Direct naar artikelinhoud

Achttien autofabrieken te veel in Europa

Om de bestaande overcapaciteit in de Europese auto-industrie weg te werken, zouden nog achttien fabrieken van de omvang van Aulnay gesloten moeten worden, zo stelt onderzoeksbureau IHS. Vandaag rolde de laatste auto van de band in de fabriek van PSA Peugeot Citroën.

De sluiting van de fabriek nabij Parijs vormt slechts een stap in de verdere afbouw van de overcapaciteit in de Europese auto-industrie, stellen de analisten van het beurshuis CM-CIC.

De verkoop van auto's op de Europese markt zit op het laagste niveau in twee decennia.

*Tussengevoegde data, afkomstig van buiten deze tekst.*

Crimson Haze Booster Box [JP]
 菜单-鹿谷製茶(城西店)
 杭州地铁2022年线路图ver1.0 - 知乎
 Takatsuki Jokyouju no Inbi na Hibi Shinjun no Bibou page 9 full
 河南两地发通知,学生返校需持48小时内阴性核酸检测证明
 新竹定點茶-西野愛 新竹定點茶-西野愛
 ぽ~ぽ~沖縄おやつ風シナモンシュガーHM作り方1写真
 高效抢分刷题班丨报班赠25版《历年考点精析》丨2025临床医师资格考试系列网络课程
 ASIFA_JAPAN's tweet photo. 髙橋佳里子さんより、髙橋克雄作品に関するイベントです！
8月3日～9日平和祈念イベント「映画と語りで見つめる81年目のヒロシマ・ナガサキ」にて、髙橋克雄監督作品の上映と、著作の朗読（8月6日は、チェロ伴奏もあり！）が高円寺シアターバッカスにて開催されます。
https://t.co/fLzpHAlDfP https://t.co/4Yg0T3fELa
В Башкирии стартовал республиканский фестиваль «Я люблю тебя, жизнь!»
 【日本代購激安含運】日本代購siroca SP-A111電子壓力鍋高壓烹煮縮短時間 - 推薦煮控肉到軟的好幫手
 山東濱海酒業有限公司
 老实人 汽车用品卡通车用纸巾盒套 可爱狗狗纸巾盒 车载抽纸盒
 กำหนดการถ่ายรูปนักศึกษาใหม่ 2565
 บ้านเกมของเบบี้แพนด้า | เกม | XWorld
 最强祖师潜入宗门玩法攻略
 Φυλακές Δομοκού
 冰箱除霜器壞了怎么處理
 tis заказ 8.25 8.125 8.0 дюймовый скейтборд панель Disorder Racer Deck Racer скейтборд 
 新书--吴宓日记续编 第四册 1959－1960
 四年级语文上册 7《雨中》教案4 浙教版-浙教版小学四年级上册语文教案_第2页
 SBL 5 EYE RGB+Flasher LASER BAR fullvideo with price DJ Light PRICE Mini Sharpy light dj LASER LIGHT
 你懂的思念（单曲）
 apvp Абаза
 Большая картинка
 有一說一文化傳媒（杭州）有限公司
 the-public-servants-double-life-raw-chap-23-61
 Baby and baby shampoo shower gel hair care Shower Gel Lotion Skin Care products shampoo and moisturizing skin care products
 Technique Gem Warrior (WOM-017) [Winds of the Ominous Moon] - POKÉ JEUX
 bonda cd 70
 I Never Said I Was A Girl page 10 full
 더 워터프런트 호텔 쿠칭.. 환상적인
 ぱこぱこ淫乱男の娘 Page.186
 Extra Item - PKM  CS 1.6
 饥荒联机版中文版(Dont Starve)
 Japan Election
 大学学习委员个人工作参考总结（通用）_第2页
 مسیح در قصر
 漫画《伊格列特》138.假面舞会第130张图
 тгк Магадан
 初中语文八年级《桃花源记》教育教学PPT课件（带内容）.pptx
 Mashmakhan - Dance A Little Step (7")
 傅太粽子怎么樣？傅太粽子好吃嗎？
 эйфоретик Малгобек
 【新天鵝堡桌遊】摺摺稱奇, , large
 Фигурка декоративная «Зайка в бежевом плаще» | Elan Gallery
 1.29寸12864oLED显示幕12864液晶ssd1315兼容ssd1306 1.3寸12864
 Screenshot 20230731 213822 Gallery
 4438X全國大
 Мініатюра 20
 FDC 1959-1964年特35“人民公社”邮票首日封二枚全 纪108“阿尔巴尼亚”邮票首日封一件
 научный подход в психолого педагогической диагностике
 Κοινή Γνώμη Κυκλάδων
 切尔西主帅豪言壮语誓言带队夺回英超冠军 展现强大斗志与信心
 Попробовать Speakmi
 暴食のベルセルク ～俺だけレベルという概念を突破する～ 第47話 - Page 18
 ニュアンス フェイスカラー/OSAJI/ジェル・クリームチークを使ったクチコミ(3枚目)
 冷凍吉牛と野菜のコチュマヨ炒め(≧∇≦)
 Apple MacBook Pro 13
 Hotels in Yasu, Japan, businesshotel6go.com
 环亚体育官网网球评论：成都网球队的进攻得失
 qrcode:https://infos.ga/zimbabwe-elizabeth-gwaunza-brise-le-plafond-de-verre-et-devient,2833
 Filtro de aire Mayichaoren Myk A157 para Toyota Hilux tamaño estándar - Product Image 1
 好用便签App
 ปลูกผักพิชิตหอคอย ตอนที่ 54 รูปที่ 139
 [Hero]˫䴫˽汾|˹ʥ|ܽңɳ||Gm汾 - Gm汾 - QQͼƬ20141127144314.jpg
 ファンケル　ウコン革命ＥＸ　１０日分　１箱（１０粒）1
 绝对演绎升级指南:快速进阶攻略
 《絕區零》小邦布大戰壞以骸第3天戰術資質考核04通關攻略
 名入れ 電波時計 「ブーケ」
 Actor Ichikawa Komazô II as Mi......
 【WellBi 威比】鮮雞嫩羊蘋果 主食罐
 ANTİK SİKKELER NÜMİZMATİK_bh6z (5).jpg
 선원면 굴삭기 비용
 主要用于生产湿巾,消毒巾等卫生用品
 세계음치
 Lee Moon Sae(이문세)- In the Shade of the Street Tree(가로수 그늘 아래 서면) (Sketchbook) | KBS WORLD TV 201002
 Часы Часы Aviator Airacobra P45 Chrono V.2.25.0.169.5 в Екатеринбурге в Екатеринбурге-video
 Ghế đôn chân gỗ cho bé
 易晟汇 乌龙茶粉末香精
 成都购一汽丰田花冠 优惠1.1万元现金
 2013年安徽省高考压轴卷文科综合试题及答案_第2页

Volgens het onderzoeksbureau IHS kunnen de Europese autofabrieken, inclusief de Russische, als ze op volle toeren draaien 26 miljoen auto's per jaar produceren. Dat zijn er 7 miljoen meer dan er in werkelijkheid worden geassembleerd.

"Om de productiecapaciteit in overeenstemming te brengen met de vraag zouden nog achttien fabrieken van de omvang van die van Aulnay gesloten moeten worden", aldus IHS. Om rendabel te zijn moet een autofabriek minstens op 80 procent van zijn capaciteit draaien, zo stelt CM-CIC nog.

De cijfers moeten wel gerelativeerd worden, in die zin dat een theoretische capaciteit met twee ploegen uiteraard kleiner is dan met drie. Zo doet de Audifabriek in Vorst het erg goed, maar die werkt maar met twee ploegen. En in Rusland zijn er plannen om tal van onderbenutte fabrieken te sluiten of af te slanken.

Ford kondigde vorig jaar aan dat het drie fabrieken in Europa gaat sluiten, waaronder die in Genk.